*** Block opens ***
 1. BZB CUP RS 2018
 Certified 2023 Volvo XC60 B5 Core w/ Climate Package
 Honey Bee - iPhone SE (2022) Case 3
*** Block closes ***
*** Block opens ***
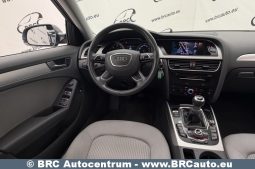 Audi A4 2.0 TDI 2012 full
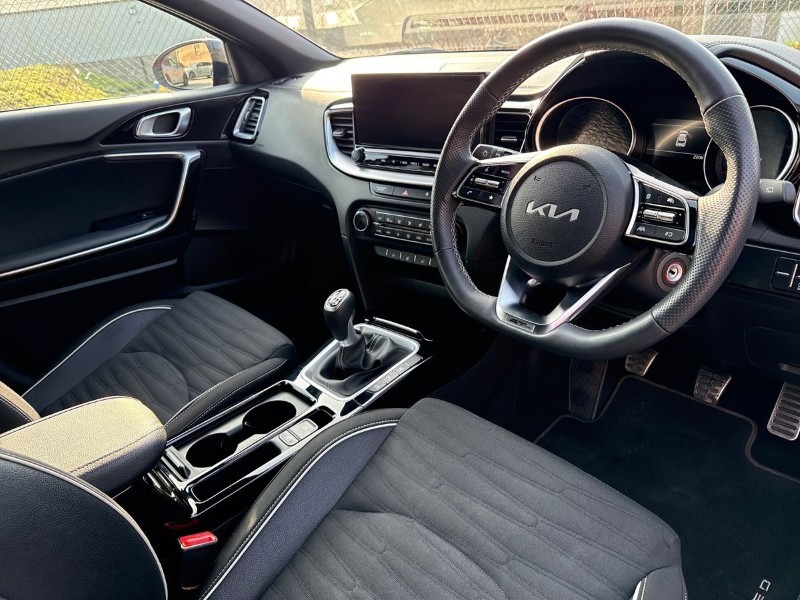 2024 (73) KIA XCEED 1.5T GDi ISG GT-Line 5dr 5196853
*** Block closes ***
WHAT YOU HAVE TO DO » Give back, word for word, only the lines above from the line holding "1. BZB CUP RS 2018" to the line holding "Honey Bee - iPhone SE (2022) Case 3", both included.

THE ANSWER »
 1. BZB CUP RS 2018
 Certified 2023 Volvo XC60 B5 Core w/ Climate Package
 Honey Bee - iPhone SE (2022) Case 3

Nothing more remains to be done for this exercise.